November , 2000

Christina's Latin CD 'Mi Reflejo' Reviews


'Mi Reflejo' has garnered Christina some of her best reviews yet, with the L.A. Times claiming 'Aguilera's powerful voice and technical skill set her apart' while Time Magazine's critic noted 'we listen impressed as she finds new fires within.' The New York Post called 'Mi Reflejo' 'a major contender at next year's Latin Grammys ... no other artist has realized English to Spanish crossover dreams with this kind of grace.'

Vibe Magazine

In 1999, Spanish-speaking Latin pop stars like Ricky Martin, Marc Anthony, and Enrique Iglesias showed they could live la vida just as loca in English. Now, teen R&B diva Christina Aguilera flips the script back with her Spanish-language album, 'Mi Reflejo.' This isn't just another Boyz II Men en espanol. Aguilera exquisitely turns out her inner Ecuadorian and transcends her suburban Pittsburgh origins with remarkably authentic Latin feeling.

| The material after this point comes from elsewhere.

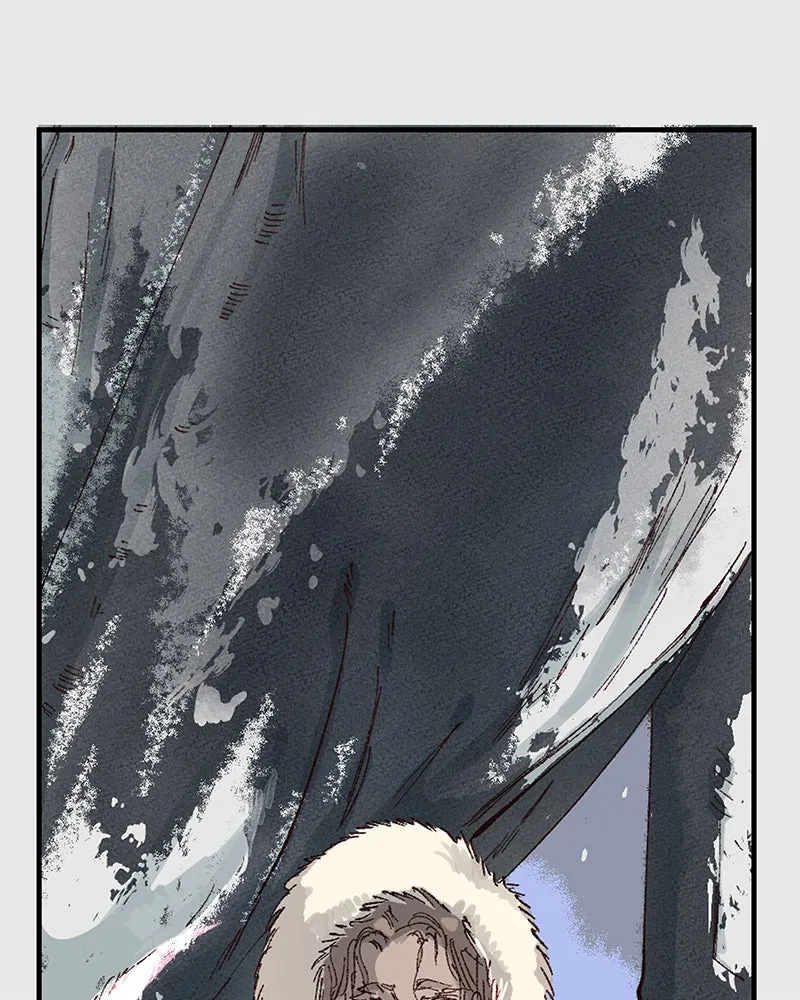 Read Isabela chapter 11 image 24 on Lezhin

'Mi Reflejo' features the obligatory remakes of Aguilera hits like 'Come On Over,' 'I Turn To You,' and 'Genie In A Bottle,' but the songs seem to mature in the translation. The Spanish version of 'What A Girl Wants' becomes 'Una Mujer,' with Aguilera insisting, 'A woman wants to feel...happy.' With the help of heavyweight Latin pop producer Rudy Perez, Aguilera delivers the exhilarating flamenco ballad 'El Beso del Final' and commands a rousing salsa stomp, 'Cuando No Es Contigo.' In a brillant move designed to capture the sentimental Latino mainstream, she covers the classic ballad 'Contigo en la Distancia,' which is a little like Whitney Houston channeling a Spanglish Sinatra.

With 'Mi Reflejo,' Aguilera conquers the reverse crossover, making herself an instant star among Latin Americans looking northward for soulful inspiration.

New York Post

Christina Aguilera
'Mi Reflejo'

RCA Records 69323-24

Much to the delight of Grandma Aguilera, pretty young Christina acknowledges her Ecuadorian heritage with a spicy dance-floor friendly disc totally in Spanish. Considering Miss Aguilera doesn't speak the language, the recording is an impressive accomplishment. Ballads and even her peppy fan-faves like "Genie In a Bottle," "What A Girl Wants" and "Come On Over" ("Genio Atrapado," "Una Mujer" and "Ven Conmigo" respectively) translate flawlessly.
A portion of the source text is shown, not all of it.